El actor

“Hago un parpadeo de luces y salís a escena”, dijo Enrique el técnico una vez más. Eran las palabras más sobadas de Quique, una frase, casi una sentencia, que le confería un extraño poder por encima del resto de integrantes de la compañía de comedias. Hacer parpadear las luces, menuda cosa. Aquello más que una señal era como un guiño, y a los despistados del elenco siempre les cogía desprevenidos, bien repasando las últimas líneas del texto, haciendo estiramientos, o simplemente buscando la botella de agua para aclarar la voz entre la oscuridad de las cajas, con sigilo, casi a tientas.

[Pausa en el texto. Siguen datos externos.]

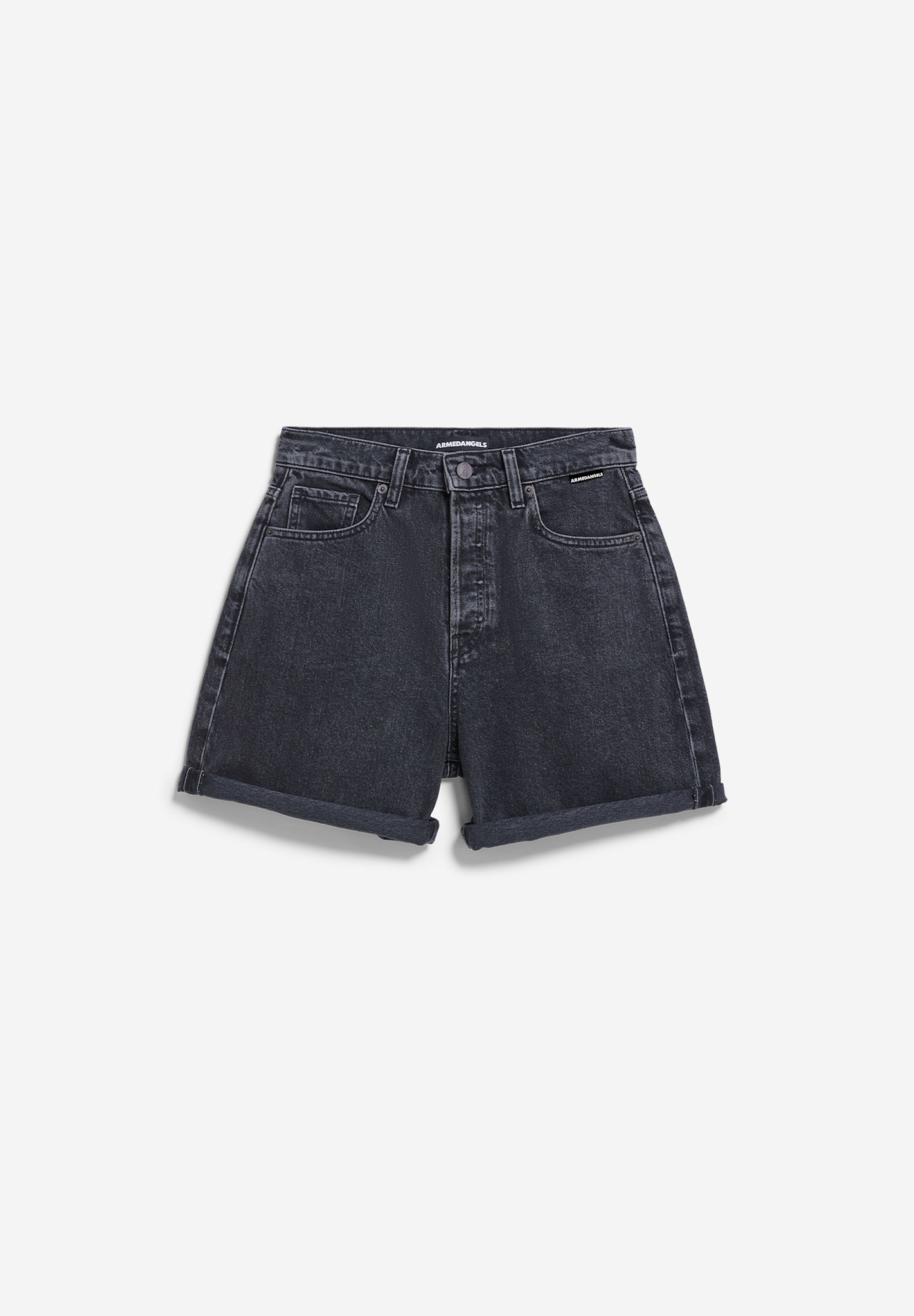 Armedangels SHEAARI DENIM SHORT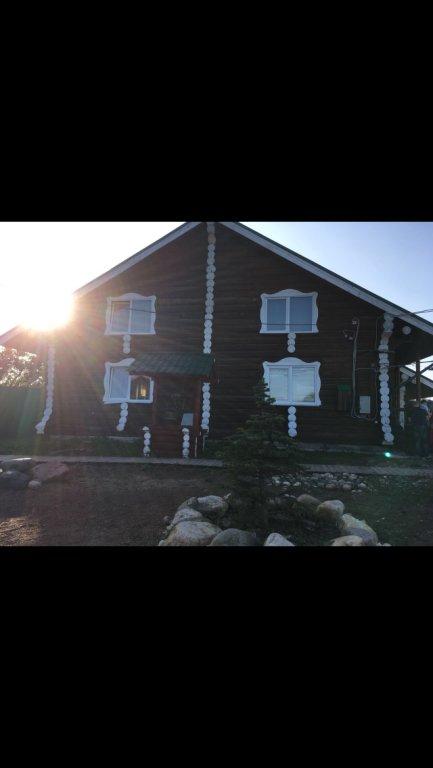 Великий Устюг: Гостевой Дом Holiday Home in Dymkovo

Aquello, la comedia, volvía a comenzar, la rueda del hámster que los llevaría al mismo sitio, se disponía a girar de nuevo, y con ella sus ratoncitos amaestrados, buscando los mismos tropiezos, clavando las mismas argucias escénicas en el preciso lapso de espacio-tiempo. Una cadena de acontecimientos bien trabada, muy baqueteada, con el mismo crujir de una máquina puesta a funcionar una y mil veces. Los mismos vestuarios a los que empezaban a asomarle los hilos por las hombreras, las mismas escenografías, ajadas por el traqueteo y el potente haz lumínico de los focos.

Nada hacía suponer que Ricardo, cabeza de cartel, primera figura de aquella compañía, ésa noche, perdiera para siempre el don del habla, así, de un plumazo. Es una mentira, o una verdad a medias, eso de que los intérpretes no sienten frío o calor antes de salir a la escena, es una mentira, o una verdad a medias, eso de que sus funciones vitales sólo se concentran en la representación, como si todas las cosas, los acontecimientos del mundo circundante no tuvieran importancia y sólo fueran parte de una realidad vaga o difuminada. El teatro, en ése justo momento, era el mundo.

Comedia de enredo

El texto de la obra no era muy trascendente, se trataba de una sencilla comedia de enredo, un entretenimiento ideado para el goce sin pretensiones intelectuales del público. Los componentes de la compañía lo habían llevado con éxito a mil y un escenarios de toda la geografía, casi siempre con éxito, pues el ir y venir del lenguaje y las situaciones iban puliendo los desenlaces hasta alcanzar el punto exacto de cocción, esa cocina que es del agrado de la gran mayoría del respetable, dispuesto a pasar un rato de asueto sin acrobacias mentales demasiado complejas.

Ricardo, nada más pisar aquellas tablas, enmudeció. Al principio, casi sin pensar, intuyó que un golpe de aire entre el cielo de su boca y su garganta, se había propuesto dejarlo sin articular el guión durante unos breves segundos. Volvió a arrancar, pero nada, la voz no quería salir. Sus compañeros, ajenos ya a todo tras el fárrago de tanta función, no cayeron en la cuenta inmediatamente de que algo extraño estaba sucediendo. Por fin, Ángela, una joven actriz muy avispada, comenzó a hacer grandes aspavientos desde los hombros al resto de sus compañeros. Todos miraban a ningún sitio.

La situación era muy absurda pues el actor principal, en mitad de la escena, se había quedado sin voz, y sus compañeros, escondidos tras las telas, tampoco podían hablar para no alertar al público de un problema que para ellos resultaba demasiado evidente. Gabriel, otro de los actores, por fin hizo caso a los movimientos de Ángela, que en esos momentos ya agitaba desesperada una enorme tela blanca que haría las veces de mantel en el segundo acto. Aquella máquina tan bien engrasada se había atascado. Las primeras toses en el patio de butacas no se hicieron esperar, y mientras tanto el compungido Ricardo, alumbrado por un cenital, se llevaba a la desesperada las manos al cuello.

Una risa nerviosa

Un espectador empezó a reir nerviosamente, dando a entender al resto del auditorio que era el primero de todo el recinto que acababa de comprender lo que allí estaba sucediendo. No tardaron las carcajadas en propagarse como las llamas de un incendio. Ángela, la joven actriz, se enredó con aquella tela enorme y cayó rodando como un barril sobre la escena. Gabriel fue tras ella, tropezando sin querer con uno de los tablones que componían el decorado. El decorado, cual ficha de dominó, fue a morir sobre una percha, y la percha sobre la cabeza de Ricardo, el silenciado intérprete.

Como por arte de magia, el perchazo, en el epicentro de aquella cacharrería desbocada, hizo brotar la voz del actor, atravesado entonces por un veloz fantasma. Entonces se escucharon, con una nitidez absoluta, las siguientes palabras: “¿se puede saber quién ha apagado la luz?”.